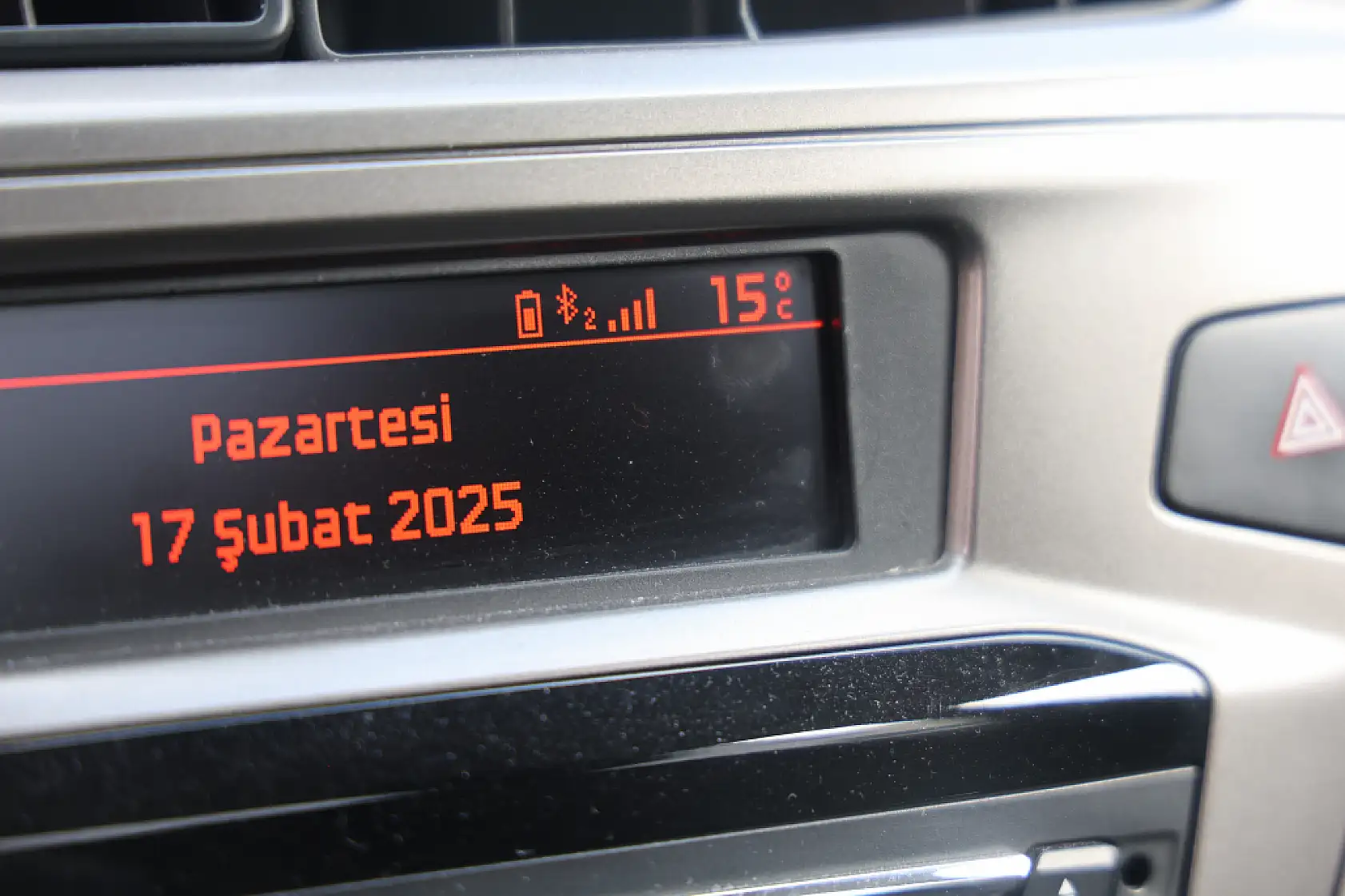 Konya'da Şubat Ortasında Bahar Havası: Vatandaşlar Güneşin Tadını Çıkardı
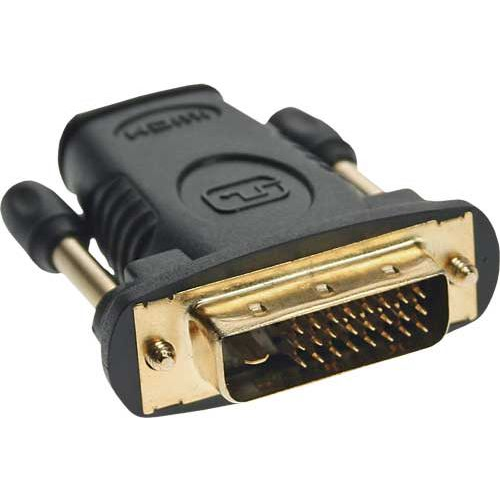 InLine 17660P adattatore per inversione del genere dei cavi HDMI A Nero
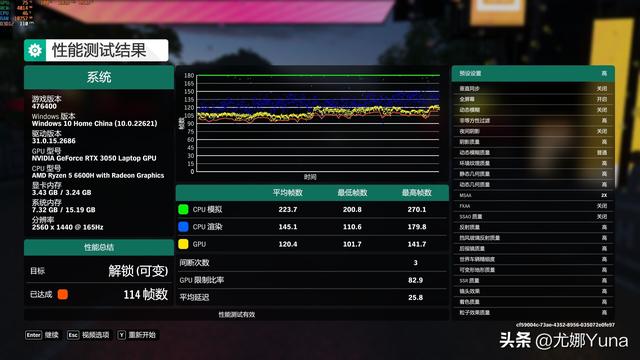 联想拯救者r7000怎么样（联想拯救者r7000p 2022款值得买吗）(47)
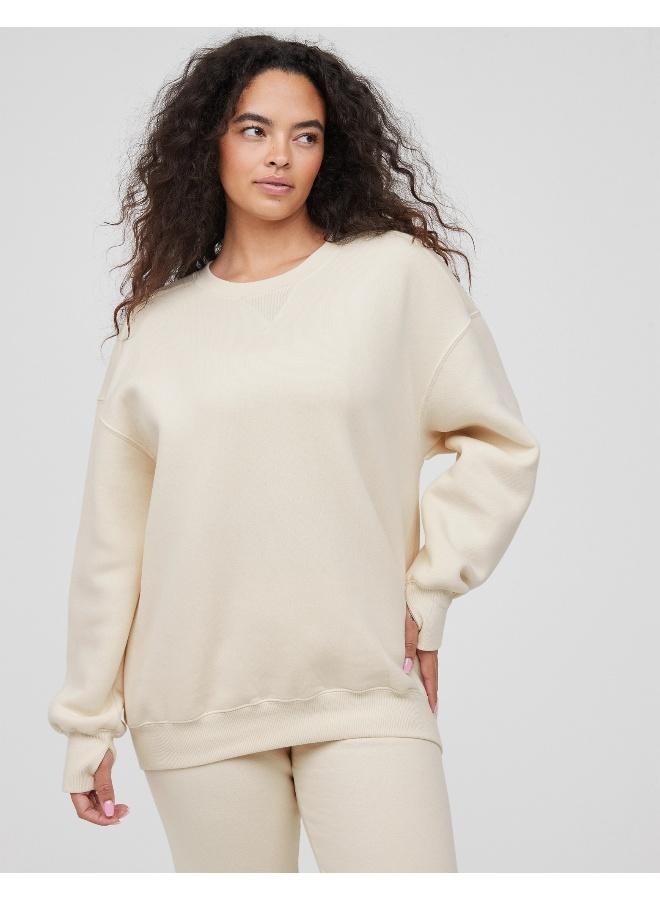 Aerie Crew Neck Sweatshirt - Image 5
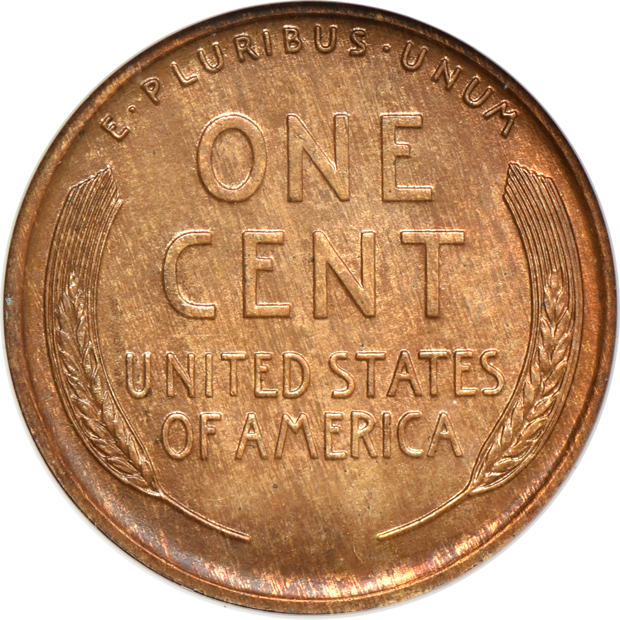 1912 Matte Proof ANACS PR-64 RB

● ● ● ● ●

• [TASK DESCRIPTION]:
Transcribe exactly the lines from the one holding "Aerie Crew Neck Sweatshirt - Image 5" through the final line of the material above, both ends included; any pictures should be dropped.

• [TASK RESPONSE]:
 Aerie Crew Neck Sweatshirt - Image 5
 1912 Matte Proof ANACS PR-64 RB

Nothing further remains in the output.